Banana Fish Episode 2: In Another Country by Ernest Hemingway (Review)
Because of the messianic hysteria on shonen genre, propagandistic positivism spreading out like wild fire not only to the targeted audience, but also to shonen magazines facing economic deflation that use chart-topping themes to act as façade from its depressing reality; Banana Fish’s entrance is a breather from all of this. Its androgynous aura can be mistakenly see as shonen, but its counterpart, shojo genre, decided to differ from that ambiguity by bringing their old gems and releasing counterintuitive savior-complex, nihilism in the mix.
And with that, Banana Fish episode 2 started with a bang.
And by god, this is such a good episode.
Starting with last episode’s cliff-hanger, the intensity never once falter, giving us the perfect formula of a well-blended plot. We immediately see Skip and Eiji bounded while Ash was trying to save both of them. From the perspective of a person who only first encountered Banana Fish, the certain thick aura of Ash’s attraction to Eiji gives off a note of intensity and contriety, because come on, you just met this particular foreigner from a country that’s on the other side of the world yet his sense of defending Eiji is always constant and superior for the entirety of the episode. They immediately tackled this on the latter scenes, but they used story schemas as the narrator in contrast to last episode’s use of dialogue.
There were a lot of scenarios in this episode that I thought will turn wild (and quite r18) as the audience are being conditioned to weave a particular perplexic sequence into their imagination, but lo and behold, it always break the audience’s expectations. There were numerous of times they hinted sexual insinuation particularly between Marvin and Ash but at the perfect last second, it morphs into different path. I love this aspect of the anime. After implanting information starting from the first episode until recently, the writer used this to make their Houdini effect more plausible.And one more example of this is Eiji’s eventual ‘character development’.

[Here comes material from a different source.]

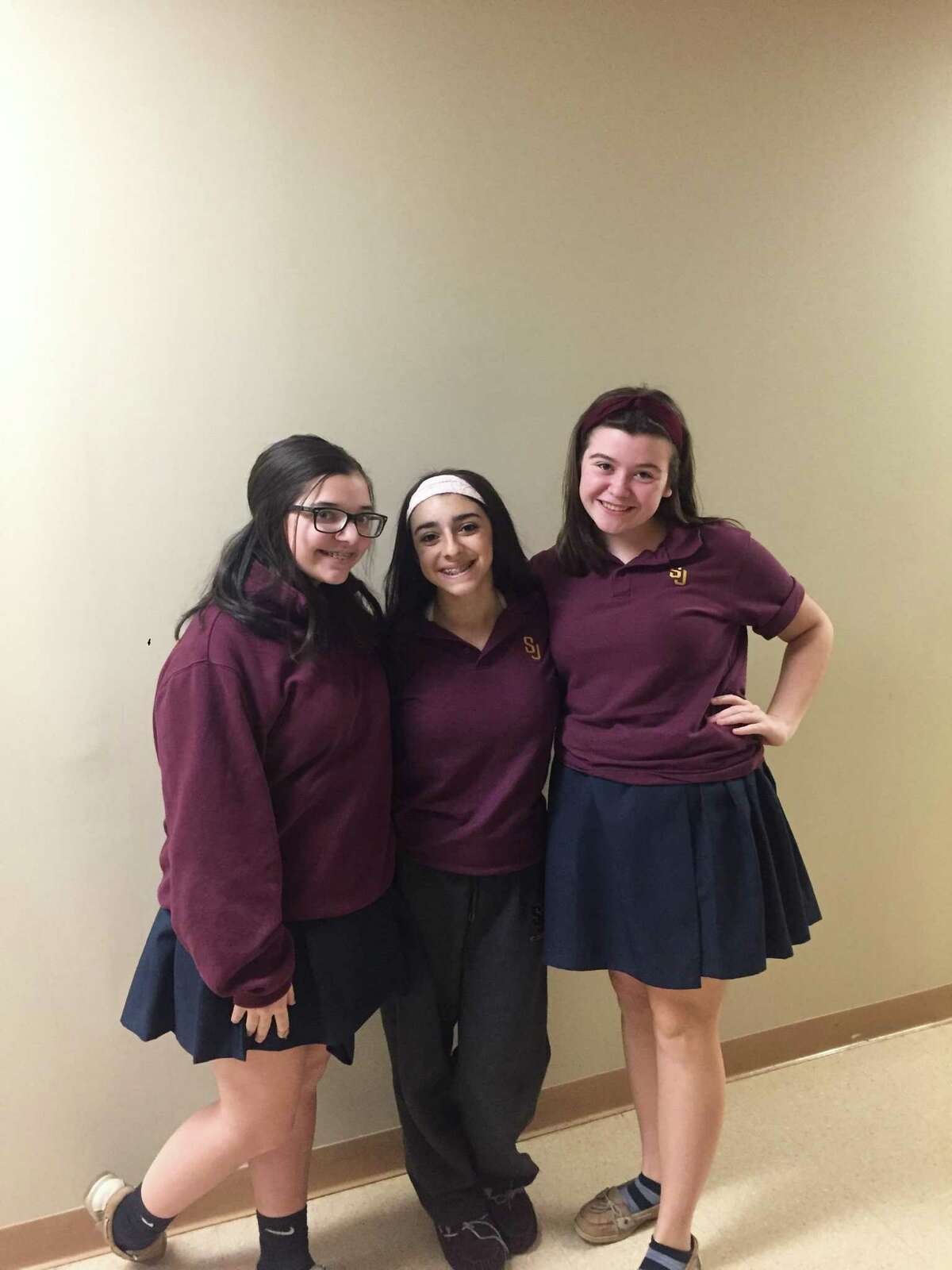 Shelton residents, left to right, Hailey McKeon (Bernardo, Messenger, Player Queen), Morgan DeAngelo (Gravedigger, Fortinbras’ Captain, Gentlewoman), and Kelly McSheery (Guildenstern) are featured in the St. Joseph High School Drama Club’s production of Shakespeare’s Hamlet.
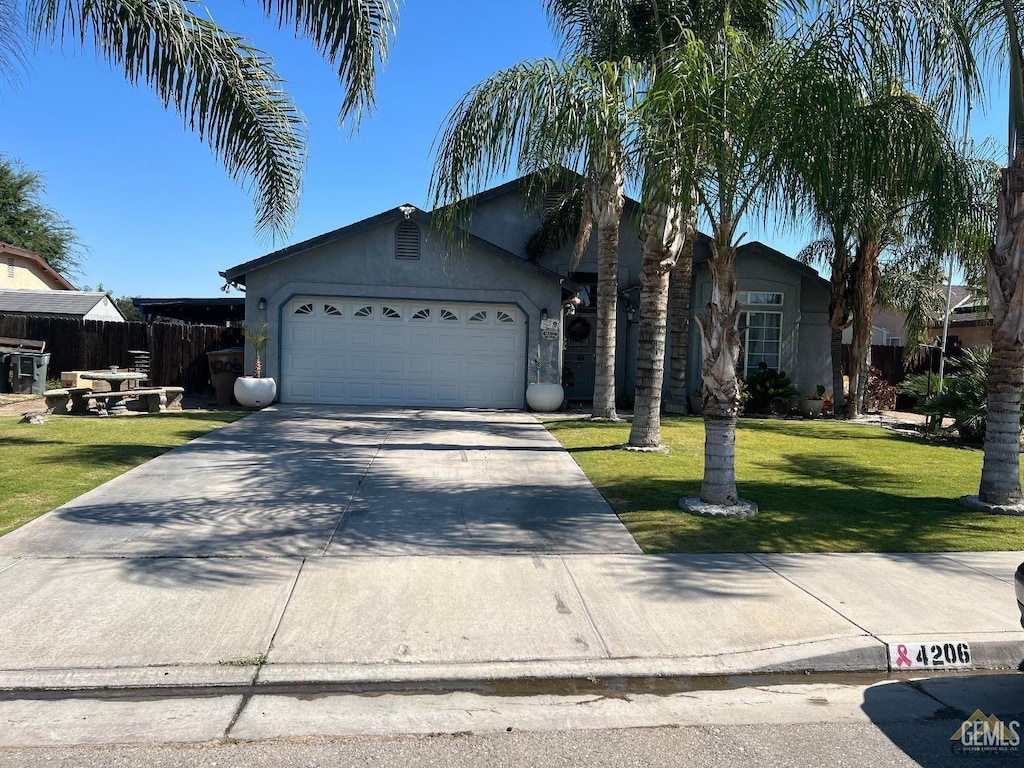 view of front facade featuring stucco siding, driveway, fence, an attached garage, and a front yard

(Again, from the perspective of an audience who haven’t read the manga) With the inclusion of technicalities, most of the medium and long shots Eiji was included his placement is always seen on the corner, keeping our vision on who or what is on the center — we see Eiji’s figure but never the character himself; aside from the time he asked Ash to hold his gun so it made us see this scene with importance and particularity. But on this episode, Eiji and Ash dominated most of the middle shots. And the wall scene became the exact pivot point for Eiji to have the Houdini effect. We didn’t only see that he is no side character, but this extraordinary character we would love to get invested with, better yet, a character Ash would love to know more as we didn’t see this particular scene on an audience’s perspective, but Ash’s; including the intense feeling of awe we’ve felt.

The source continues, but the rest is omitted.